- _STORED DATA_:
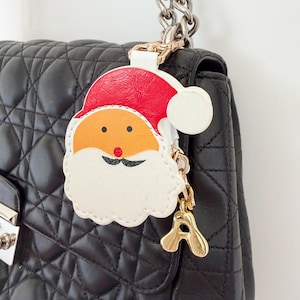 Puede incluir: Un colgante para bolso con forma de Papá Noel que presenta un gorro rojo con pompón blanco, cara naranja, nariz roja y bigote negro. El accesorio está sujeto a un bolso negro acolchado con cadena plateada y tiene un dije dorado con la letra A.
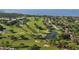 Scenic aerial view of a meticulously manicured golf course community with lush fairways, serene ponds, and beautiful homes at 5839 Los Verdes Ct, Bradenton, FL 34210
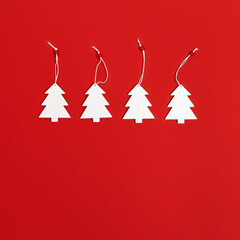 Christmas greeting card with handmade white Christmas tree on red background. Winter Holiday concept.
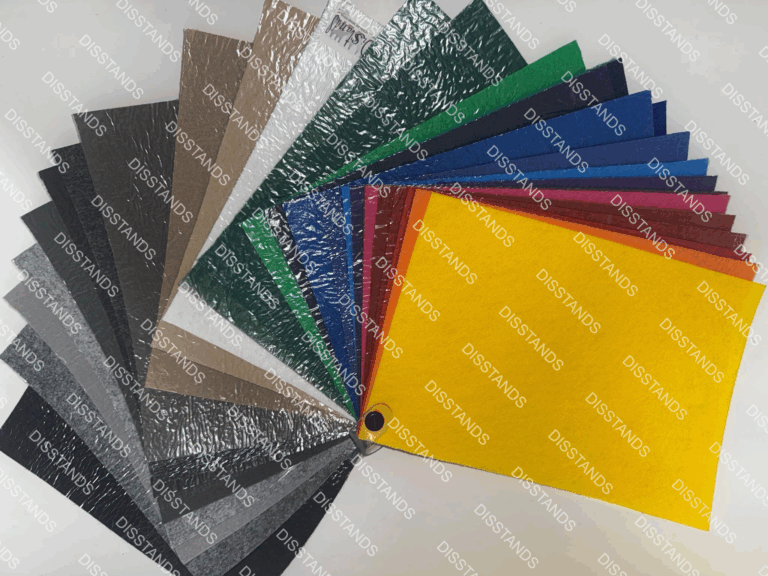Muestrario abanico de moqueta ferial ecológica con más de 20 colores disponibles incluyendo negro gris beige verde azul rojo amarillo para eventos en Barcelona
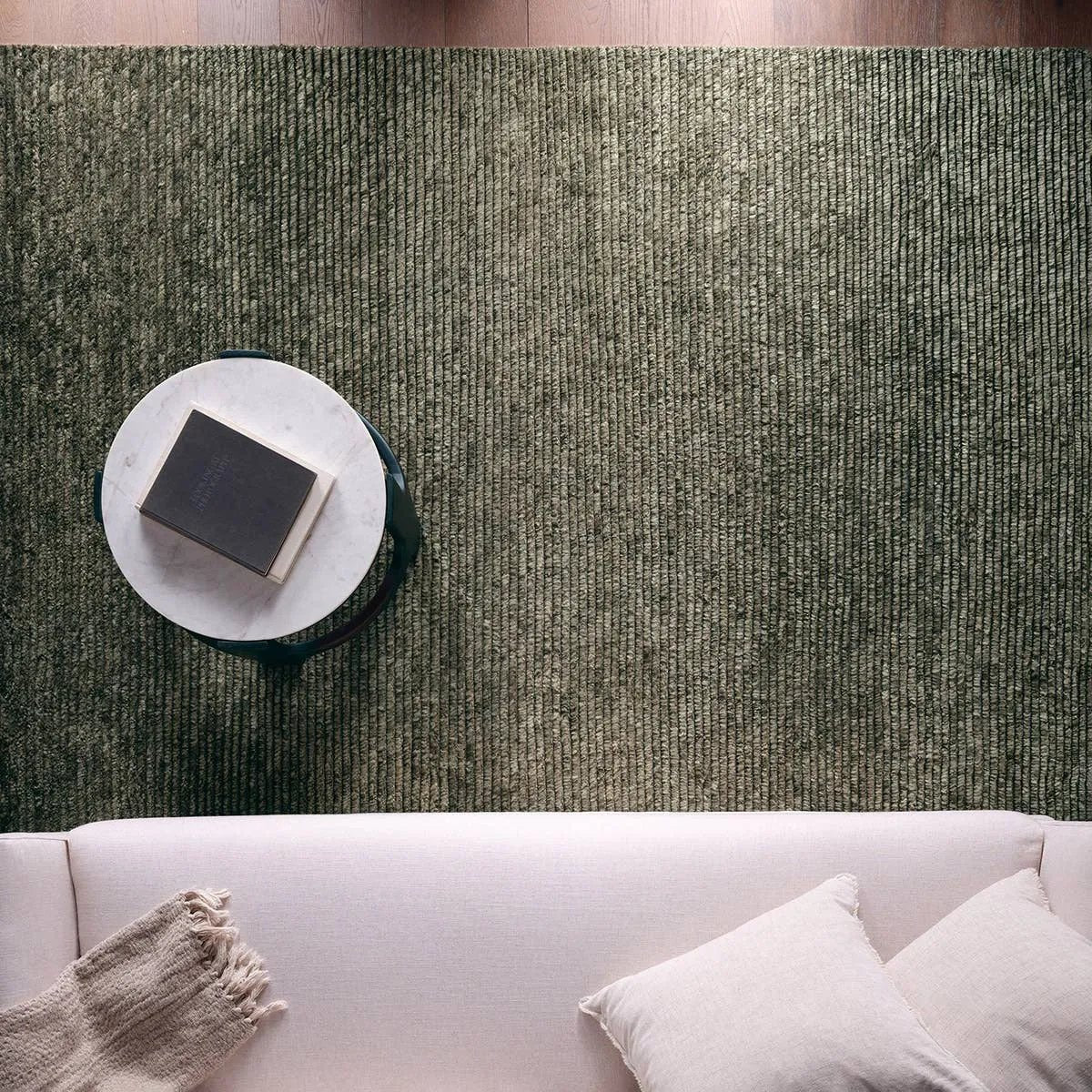 Drawing inspiration from Moroccan textiles, Alpine showcases the beauty in simplicity. Durable wool is hand-knotted onto a cotton foundation to create this high-piled accent piece. Its solid green design instantly adds warmth and comfort to any indoor, medium-traffic setting.Hand Knotte Amethyst Home provides interior design, new home construction design consulting, vintage area rugs, and lighting in the Houston metro area.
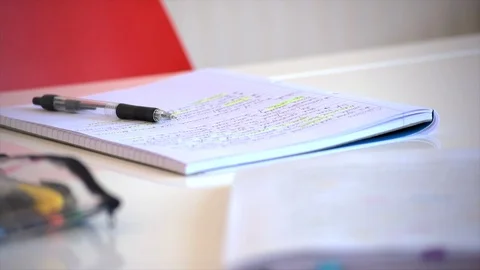 Panning Over Studnet's Desk Close Up Video stock 90167174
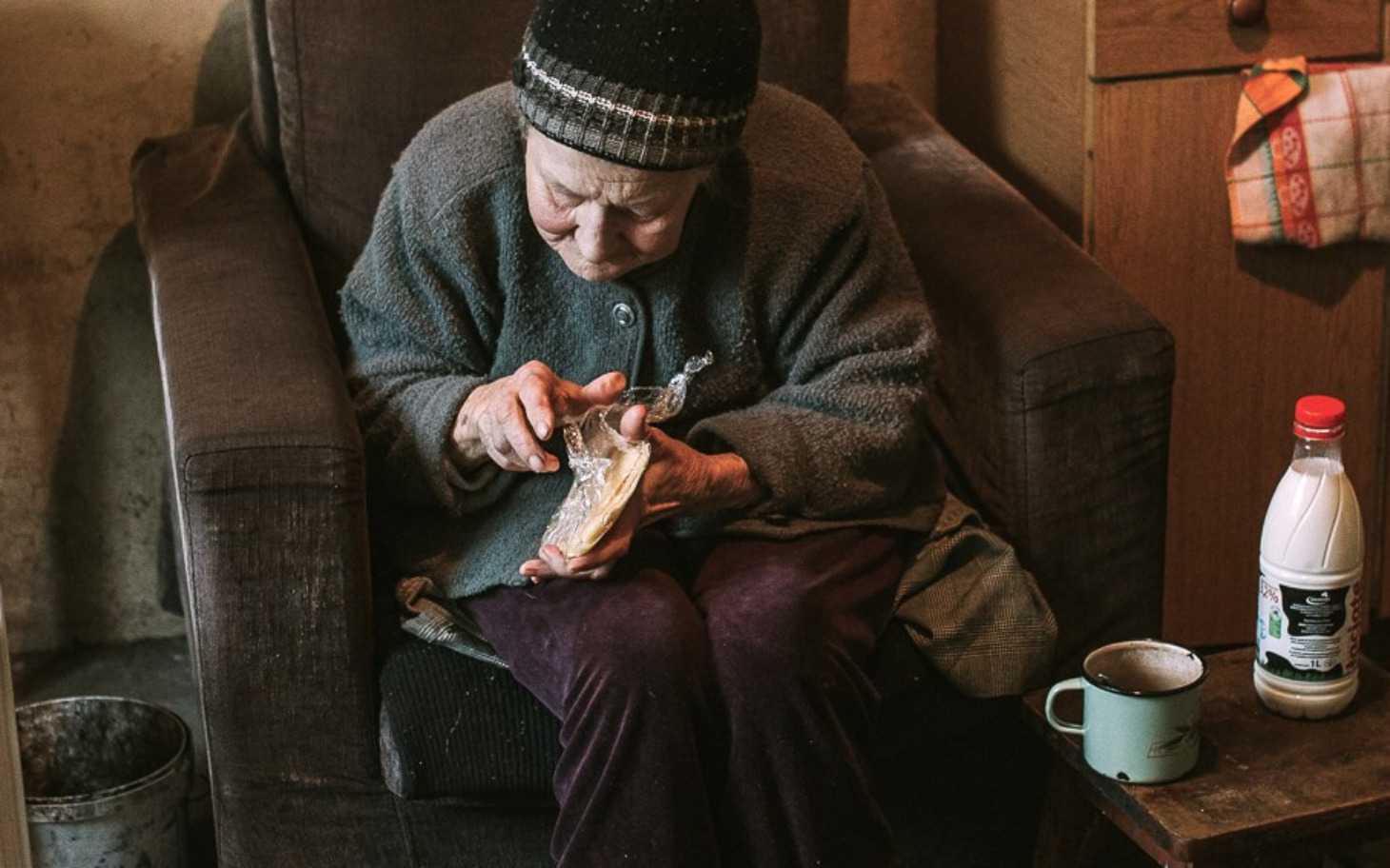 
        Starsza kobieta siedzi na fotelu, zajęta robieniem czegoś ręcznie.
    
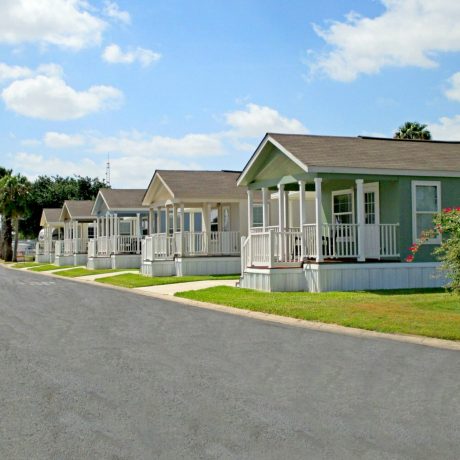 row of homes with porches and grassy lawns on a clear, sunny day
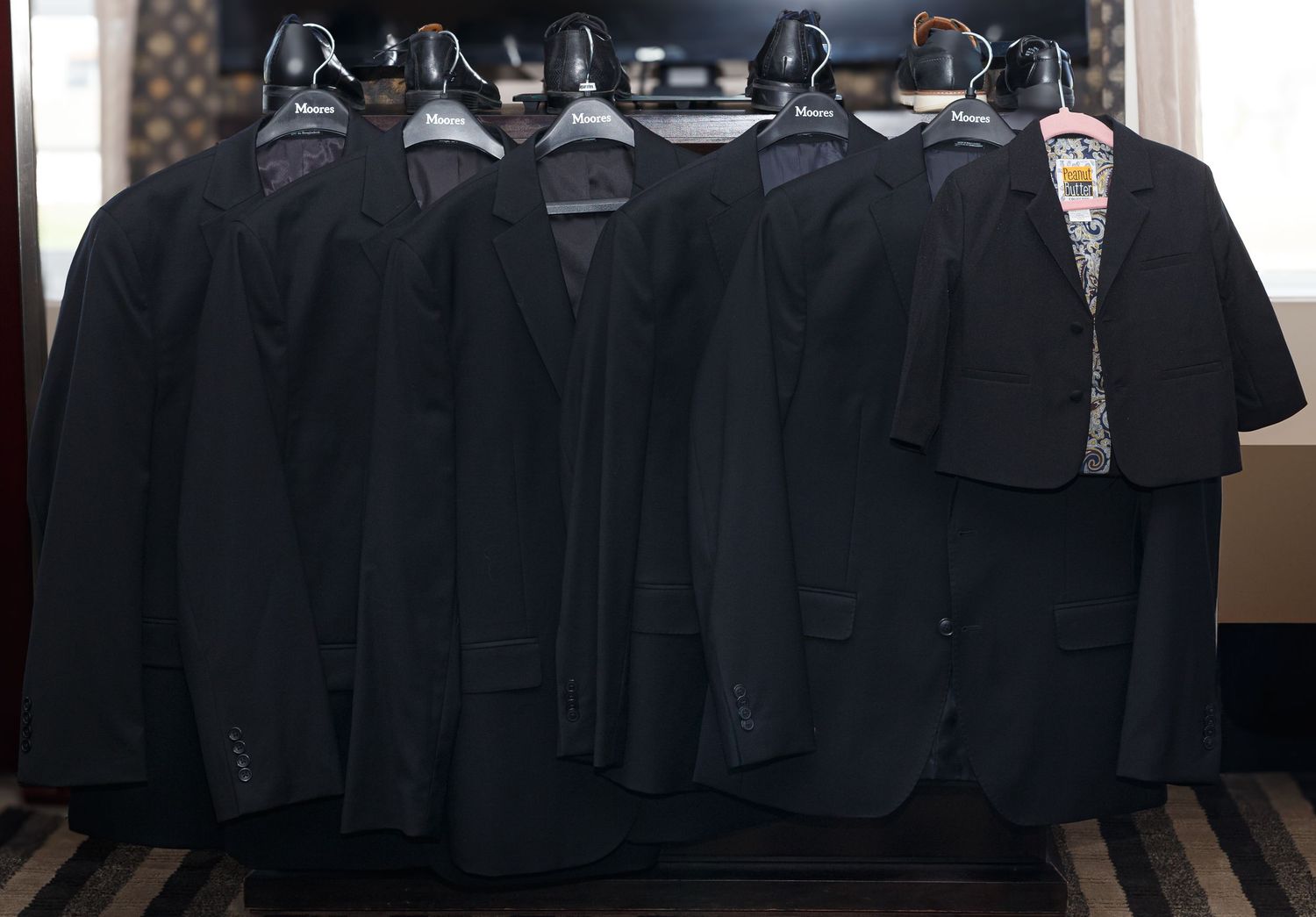Row of black suits hanging neatly on hangers against dark background.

- _WHAT IS BEING ASKED_:
Give again, word for word, the lines above from the first one through the one containing "Christmas greeting card"; no pictures.

- _ANSWER TO THIS EXERCISE_:
 Puede incluir: Un colgante para bolso con forma de Papá Noel que presenta un gorro rojo con pompón blanco, cara naranja, nariz roja y bigote negro. El accesorio está sujeto a un bolso negro acolchado con cadena plateada y tiene un dije dorado con la letra A.
 Scenic aerial view of a meticulously manicured golf course community with lush fairways, serene ponds, and beautiful homes at 5839 Los Verdes Ct, Bradenton, FL 34210
 Christmas greeting card with handmade white Christmas tree on red background. Winter Holiday concept.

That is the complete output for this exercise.